Il fatto di aver dedicato i tuoi studi alla letteratura femminile e quindi al mondo interiore, se così possiamo dire, delle donne, ti ha aiutato in qualche modo a capire meglio le compagne di fede nell’attività?
RITA: Ho sempre fatto molto volentieri attività nella Divisione donne e devo dire che uno sguardo al femminile mi ha aiutato a comprendere da dove viene la mancanza di autostima e fiducia in se stesse di molte compagne di fede. Non è un dato individuale ma una situazione legata a secoli di storia che abbiamo alle spalle. Ma riconoscere la Buddità inerente alla nostra vita aiuta a superare qualsiasi ostacolo.
Il presidente Ikeda dice: «Il lavoro è il luogo in cui approfondire e mettere in pratica la fede». Quando hai sentito che questo incoraggiamento ti apparteneva?
RITA: Quando ho cominciato a trasmettere gioia e positività, sostenendo le potenzialità positive di ognuno, dai colleghi agli studenti; quando mi sono accorta che alle riunioni ci andavo e partecipavo con lo spirito di essere a una riunione di discussione; quando ho incominciato a non sentirmi più in ansia e a non lasciarmi più coinvolgere troppo nella competitività che caratterizza molto l’ambiente accademico. Inoltre ho incoraggiato ogni studente, cercando di fargli sentire che poteva tirar fuori le proprie potenzialità e aiutandolo a scoprire, autonomamente, la bellezza e il valore di un testo letterario.
Qual è stata la tua più grande prova concreta?
RITA: Di benefici ne potrei raccontare tantissimi, ma vorrei citare questo: un giorno sulla mia scrivania (era un momento abbastanza delicato all’università a causa dell’applicazione della riforma) ho trovato un bigliettino. Era di una mia collega e diceva: «Ti ringrazio per il tuo sorriso». Ero riuscita davvero a portare il Buddismo nella vita quotidiana!
Tu hai incontrato il presidente Ikeda due volte…

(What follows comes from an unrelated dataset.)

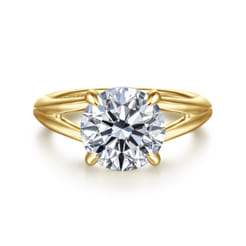 Annie - 14K Yellow Gold Split Shank Round Diamond Engagement Ring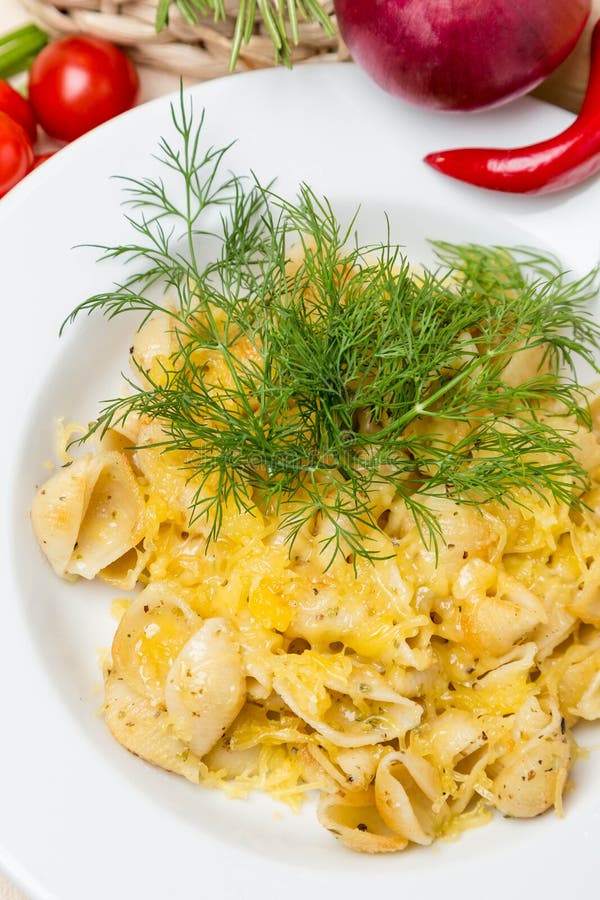 Hot Pasta with Garnish on Plate Stock Image Image of cooking, gourmet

RITA: Sì, la prima volta a Firenze al Centro culturale e poi, nel ’94 a Bologna durante la cerimonia di conferimento dell’anello dottorale da parte dell’Alma Mater. Il presidente Ikeda è uno scrittore meraviglioso, che riesce in ogni suo scritto a collegare la cultura orientale e quella occidentale secondo la filosofia buddista. Per me è stata una grande esperienza leggere la sua spiegazione del Gosho L’eredità della legge fondamentale della vita (D. Ikeda, esperia edizioni). Sento molto forte il legame attraverso i suoi scritti e lo leggo ogni volta che posso.